# WHAT YOU SHOULD DO
All that is needed is the lines from the one containing "The count of" through the end of the listing, printed exactly, with no pictures among them.

# DATA EXCERPT
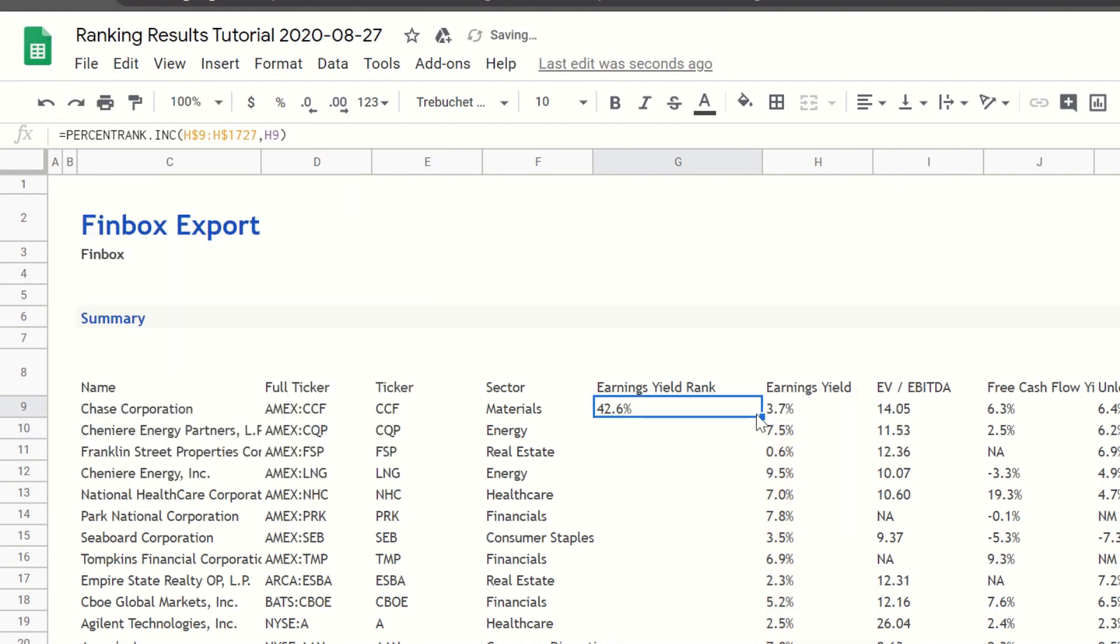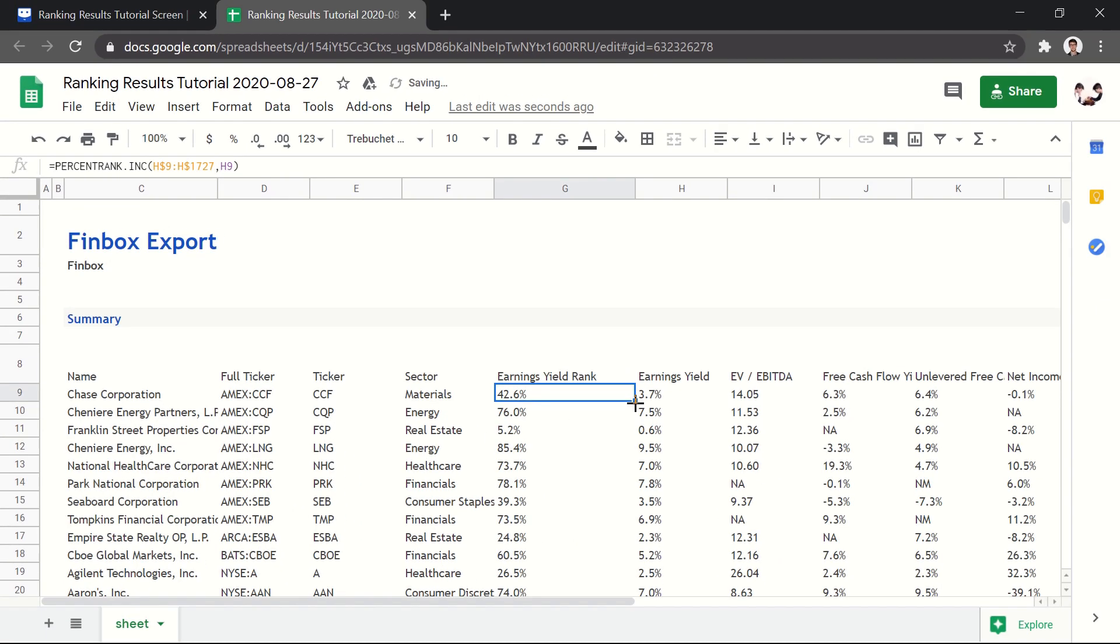You can double-click the square on the highlighted cell's bottom right to automatically populate all the cells in the column with each stock's percentile rank.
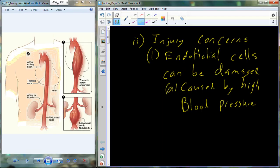Assuming blood pressure isn't extremely high, you don't have awkward symptoms. Normally at 140s or 150s, you really don't know you have high blood pressure unless it's measured - that's why we call it the silent killer. The damage is occurring but you don't know it. What happens is high blood pressure pushes on those endothelial cells and we end up with openings in the tissue.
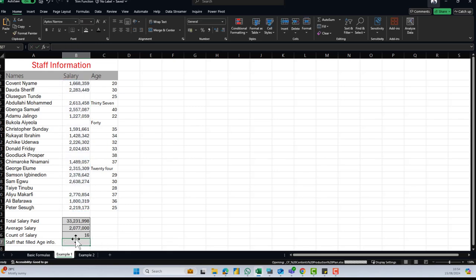The count of salary is 16. What it does is it ignores empty cells because there's no figure there. We can only apply the COUNT function to cells that contain numbers — if your cells contain text, it's not going to count them. It only counts numbers, as we'll see in the next example.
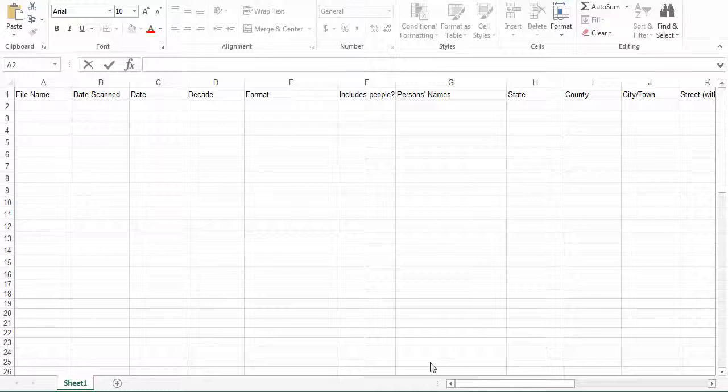Before we begin, I suggest that you switch to full screen mode while you watch this tutorial. This will allow you to see the cells in detail on the spreadsheet as we fill it out.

# RESPONSE TO THE EXERCISE
The count of salary is 16. What it does is it ignores empty cells because there's no figure there. We can only apply the COUNT function to cells that contain numbers — if your cells contain text, it's not going to count them. It only counts numbers, as we'll see in the next example.
Before we begin, I suggest that you switch to full screen mode while you watch this tutorial. This will allow you to see the cells in detail on the spreadsheet as we fill it out.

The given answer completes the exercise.